### [What to do]
Could you write out the opening lines of the data, word for word, stopping after the line that contains "May include: A"?

Stored items
*** Begin section ***

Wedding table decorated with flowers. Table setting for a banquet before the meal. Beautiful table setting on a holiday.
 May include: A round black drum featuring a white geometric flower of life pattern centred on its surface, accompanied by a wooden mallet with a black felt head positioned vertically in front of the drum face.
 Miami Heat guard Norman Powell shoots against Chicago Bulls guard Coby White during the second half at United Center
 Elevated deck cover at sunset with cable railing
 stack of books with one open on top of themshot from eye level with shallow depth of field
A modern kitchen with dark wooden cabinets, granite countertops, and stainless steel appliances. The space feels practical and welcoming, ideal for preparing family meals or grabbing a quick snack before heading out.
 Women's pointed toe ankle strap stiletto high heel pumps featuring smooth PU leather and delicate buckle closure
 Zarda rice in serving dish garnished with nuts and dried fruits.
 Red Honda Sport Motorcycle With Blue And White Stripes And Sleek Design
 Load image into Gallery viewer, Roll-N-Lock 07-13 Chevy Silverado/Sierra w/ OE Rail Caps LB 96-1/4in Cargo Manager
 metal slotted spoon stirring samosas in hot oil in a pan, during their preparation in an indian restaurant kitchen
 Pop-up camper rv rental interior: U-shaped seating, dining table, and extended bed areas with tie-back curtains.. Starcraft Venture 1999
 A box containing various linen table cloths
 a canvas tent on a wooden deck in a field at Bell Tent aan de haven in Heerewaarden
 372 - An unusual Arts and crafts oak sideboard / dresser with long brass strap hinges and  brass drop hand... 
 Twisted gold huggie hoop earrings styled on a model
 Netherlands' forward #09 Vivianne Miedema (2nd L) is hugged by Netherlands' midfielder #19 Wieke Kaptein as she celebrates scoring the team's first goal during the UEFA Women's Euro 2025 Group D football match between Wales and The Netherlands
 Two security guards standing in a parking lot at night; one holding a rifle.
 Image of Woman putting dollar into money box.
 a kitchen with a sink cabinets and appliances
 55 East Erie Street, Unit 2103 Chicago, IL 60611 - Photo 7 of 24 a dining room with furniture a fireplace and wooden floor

*** End section ***

### [Output of the exercise]
Wedding table decorated with flowers. Table setting for a banquet before the meal. Beautiful table setting on a holiday.
 May include: A round black drum featuring a white geometric flower of life pattern centred on its surface, accompanied by a wooden mallet with a black felt head positioned vertically in front of the drum face.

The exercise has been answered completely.